School district facing $1.2M deficit

Okanagan Skaha School District is facing an estimated $1.2 million deficit and will need to find savings somewhere in its 2014-15 budget planning.
Image Credit: School District 67

TRUSTEES LOOKING FOR BUDGET CUTS

PENTICTON - As the Okanagan Skaha School District looks for ways to solve an estimated $1.2 million deficit for the 2014-15 budget, the solutions could get personal.

District Secretary-Treasurer Bonnie Roller-Routley says savings will have to come from somewhere. A reduction in funding protection means fewer dollars from the province, plus wage and benefit increases for union members is also negatively impacting the bottom line.

Part of the board's plan will be getting input from senior district staff and school principals. Roller-Routley says the district will go through the budget line-by-line to find savings. This might include how many hours employees work.

She points out it can be tough talking about possible budget cuts with people who might be directly affected.
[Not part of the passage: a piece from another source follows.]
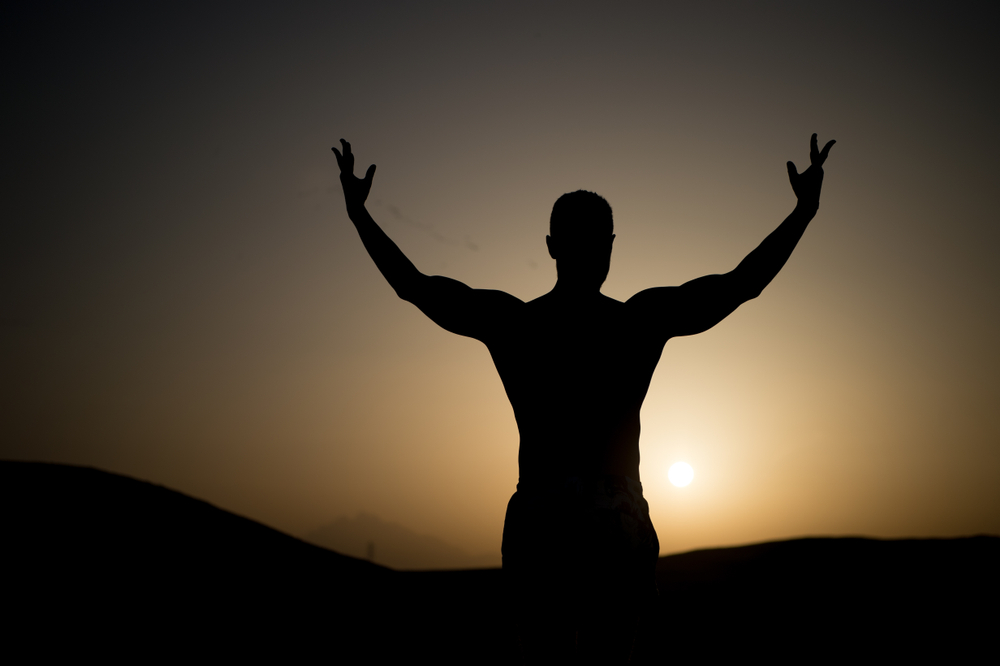 toned physique against sunset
"In some ways that happens in every budget discussion," she says. "There's always the potential it's the person across the table."

Roller-Routley said the estimated deficit of $1.2 million partly comes from how the district is protected from lower enrollment. Because school boards are funded by the provincial government based on the number of students, funding protection slows the amount of money boards lose when they lose students.

And the financial protection gets thinner every year Routley explained. For the 2014-2015 budget the estimated loss of 152 students will mean a loss of $800,000. Then there is more than $300,000 the school board will need to pay for wage increases and a higher electric bill.

Roller-Routley says a $1.2 million deficit is a big chunk when the budget for 2014-15 is about $52 million.

"It is a large number. It works out to probably 1.7 per cent of our overall budget."

Okanagan Skaha Teachers' Union president Leslea Woodward says she's concerned where the board is going to find savings. One solution would be to get more provincial government funding for education.

Woodward explains B.C. public schools get less money per student than other provinces.

"If we were funded properly we would have $1,000 per student. That would be big money," she says.

The board plans to hold public meeting on the budget. The final document won't go to a board vote until June.